For a more complete understanding of the present invention, and the advantages thereof, reference is now made to the following descriptions taken in conjunction with the accompanying drawings, in which:
FIG. 1 is an isometric view of a rotary cone drill bit embodying the novel features of the present invention;
FIG. 2 is an enlarged drawing partially in section and partially in elevation with portions broken away showing one of the rotary cone cutters mounted on a support arm of the drill bit illustrated in FIG. 1;
FIG. 2A is an enlarged drawing of the rotary cone cutter illustrated in FIG. 2;
FIG. 3 is a drawing partially in section and partially in elevation with portions broken away showing a rotary cone cutter incorporating an alternative embodiment of the present invention in drilling engagement with the bottom of a borehole;
FIG. 4A is an enlarged isometric drawing of a backface ring incorporating one embodiment of the present invention satisfactory for use with the rotary cone cutters of FIGS. 1 and 2;
FIG. 4B is an enlarged isometric drawing of a backface ring incorporating another embodiment of the present invention satisfactory for use with the rotary cone cutters of FIGS. 1 and 2;
FIG. 4C is an enlarged isometric drawing of a backface ring incorporating another embodiment of the present invention satisfactory for use with the rotary cone cutters of FIGS. 1 and 2; and
FIG. 4D is an enlarged isometric drawing of a backface ring incorporating an alternative embodiment of the present invention satisfactory for use with the rotary cone cutters of FIGS. 1 and 2.

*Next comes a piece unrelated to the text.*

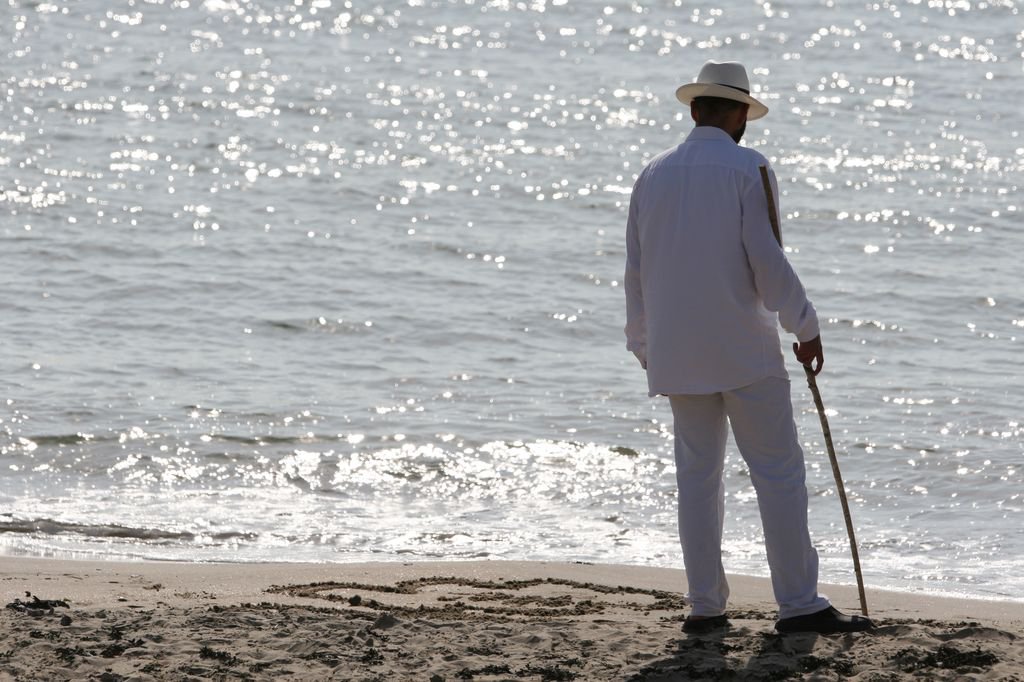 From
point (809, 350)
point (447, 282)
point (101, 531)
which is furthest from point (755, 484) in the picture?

The preferred embodiments of the present invention and its advantages are best understood by referring to FIGS. 1-4D of the drawings, like numerals being used for like and corresponding parts of the various drawings.

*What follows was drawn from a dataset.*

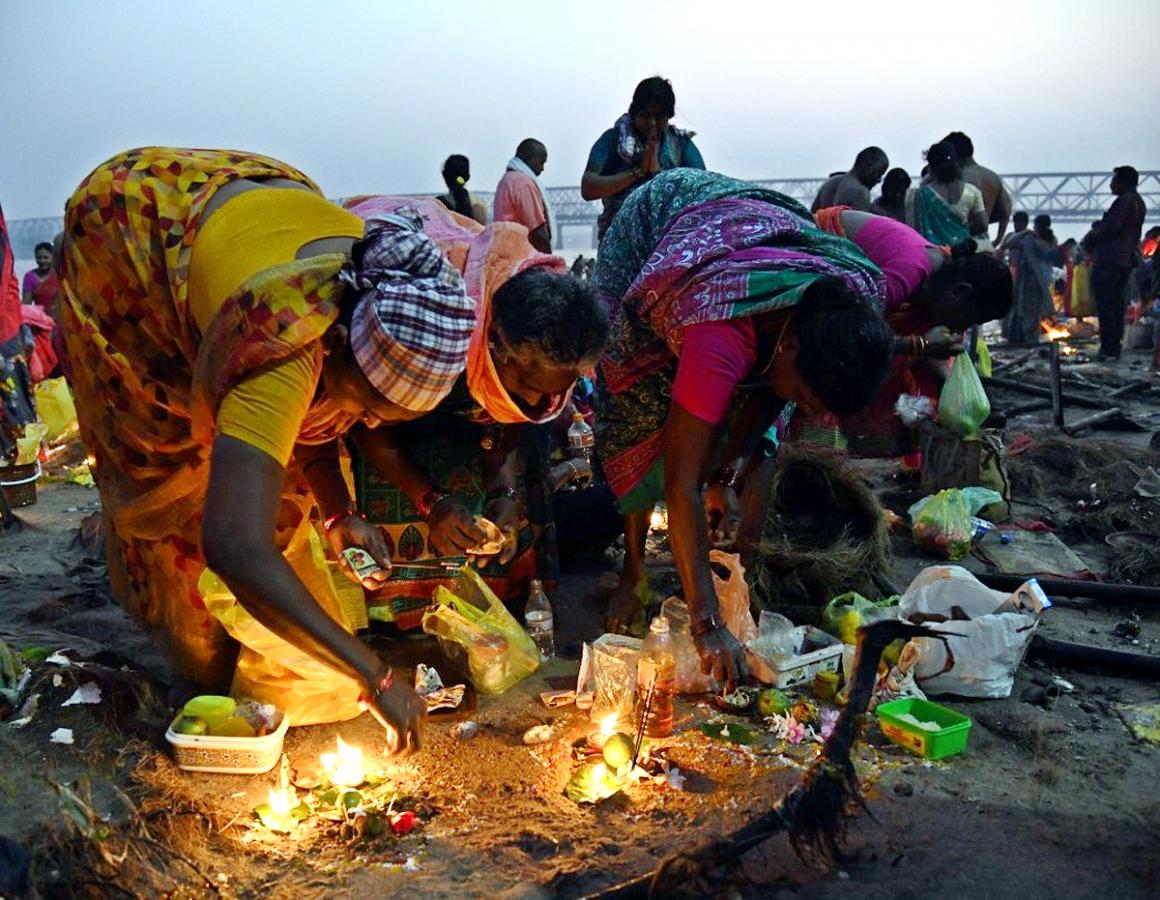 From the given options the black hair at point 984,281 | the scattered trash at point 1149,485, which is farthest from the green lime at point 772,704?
the scattered trash at point 1149,485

As shown in the drawings for purposes of illustration, the present invention is embodied in a rotary cone drill bit 10 of the type utilized in drilling a borehole in the earth. Rotary cone drill bit 10 may sometimes be referred to as a "rotary rock bit." With rotary cone drill bit 10, cutting action occurs as cone-shaped cutters 11 are rolled around the bottom of the borehole by rotation of a drill string (not shown) attached to bit 10. Cutters 11 may sometimes be referred to as "rotary cone cutters" or "roller cone cutters."
As shown in FIG. 1, cutters 11 each include cutting edges formed by grooves 12 and protruding inserts 13 which scrape and gouge against the sides and bottom of the borehole under the weight applied through the drill string. The formation of material debris thus created is carried away from the bottom of the borehole by drilling fluid ejected from nozzles 14 on underside 15 of bit 10. The debris-carrying fluid generally flows radially outward between underside 15 or exterior of bit 10 and the borehole bottom, and then flows upwardly toward the well head (not shown) through an annulus 16 (FIG. 3) defined between bit 10 and side wall 17 of the borehole.

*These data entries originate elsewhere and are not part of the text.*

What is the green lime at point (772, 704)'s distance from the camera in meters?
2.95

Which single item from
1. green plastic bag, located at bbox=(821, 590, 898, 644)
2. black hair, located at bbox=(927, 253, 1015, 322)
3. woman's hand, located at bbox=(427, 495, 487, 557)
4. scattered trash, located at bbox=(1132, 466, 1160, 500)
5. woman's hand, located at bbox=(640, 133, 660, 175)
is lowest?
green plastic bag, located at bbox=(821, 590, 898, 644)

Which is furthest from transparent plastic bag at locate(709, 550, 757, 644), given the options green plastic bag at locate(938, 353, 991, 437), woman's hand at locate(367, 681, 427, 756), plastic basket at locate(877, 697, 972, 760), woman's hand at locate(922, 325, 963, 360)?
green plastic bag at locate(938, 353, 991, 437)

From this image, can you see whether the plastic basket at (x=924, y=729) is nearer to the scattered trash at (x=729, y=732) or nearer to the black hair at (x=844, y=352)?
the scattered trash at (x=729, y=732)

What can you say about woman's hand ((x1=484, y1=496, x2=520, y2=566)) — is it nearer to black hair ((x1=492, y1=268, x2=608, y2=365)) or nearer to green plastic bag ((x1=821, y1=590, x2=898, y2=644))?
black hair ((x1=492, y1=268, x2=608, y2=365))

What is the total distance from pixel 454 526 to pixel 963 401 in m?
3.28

As shown in FIG. 1, rotary cone drill bit 10 comprises an enlarged body 19 with a tapered, externally-threaded upper section 20 adapted to be secured to the lower end of the drill string. Depending from the body are three support arms 21 (two visible in FIG. 1), each with a spindle 23 (FIGS. 2 and 3) connected to and extending from an inside surface 24 thereof and a shirttail outer surface 25. Spindles 23 are preferably angled downwardly and inwardly with respect to bit body 19 so that as bit 10 is rotated, the exterior of cutters 11 engage the bottom of the borehole. For some applications, spindles 23 may also be tilted at an angle of zero to three or four degrees in the direction of rotation of drill bit 10.
Within the scope of the present invention, each of three cutters 11 is constructed and mounted on its associated spindle 23 in a substantially identical manner (except for the pattern of the rows of inserts 13). Accordingly, only one of arm 21/cutter 11 assemblies is described in detail, it being appreciated that such description applies also to the other two arm-cutter assemblies.
FIGS. 2 and 3 show alternative embodiments of the present invention represented by roller cone cutters 11 and 11" which may be satisfactorily use with a rotary drill bit such as shown in FIG. 1. Drill bit 10 of FIGS. 1 and 2 is essentially equivalent in structure and operation to drill bit 10" of FIG. 3, except for modifications to shirttail surface 25" and cone cutter 11". The dimensions of base portion or backface ring 30" have also been modified to accommodate shorter shirttail surface 25" shown in FIG. 3. These modifications will be described later in more detail.
As shown in FIG. 2, inserts 13 are mounted within sockets 27 formed in a conically-shaped shell or tip 29 of cutter 11. Various types of inserts and compacts may be used with tip 29 depending upon the intended application for the resulting drill bit. For example, oval shaped compacts (not shown) may be used to provide longer service life with less wear. Also, tip 29 could be formed with one or more rows of teeth (not shown).
Base portion 30 of cutter 11 includes grooves 12 and is frustoconical in shape, but angled in a direction opposite the angle of tip 29 on the outer surface thereof. Base 30 also includes a frustoconically-shaped outer portion 33 with backface 31 formed on the outer surface thereof and an end portion 34 extending radially relative to central axis 35 of spindle 23. Base 30 and tip 29 cooperate to from composite cone cutter 11. Base portion 30 may also be referred to as a "backface ring".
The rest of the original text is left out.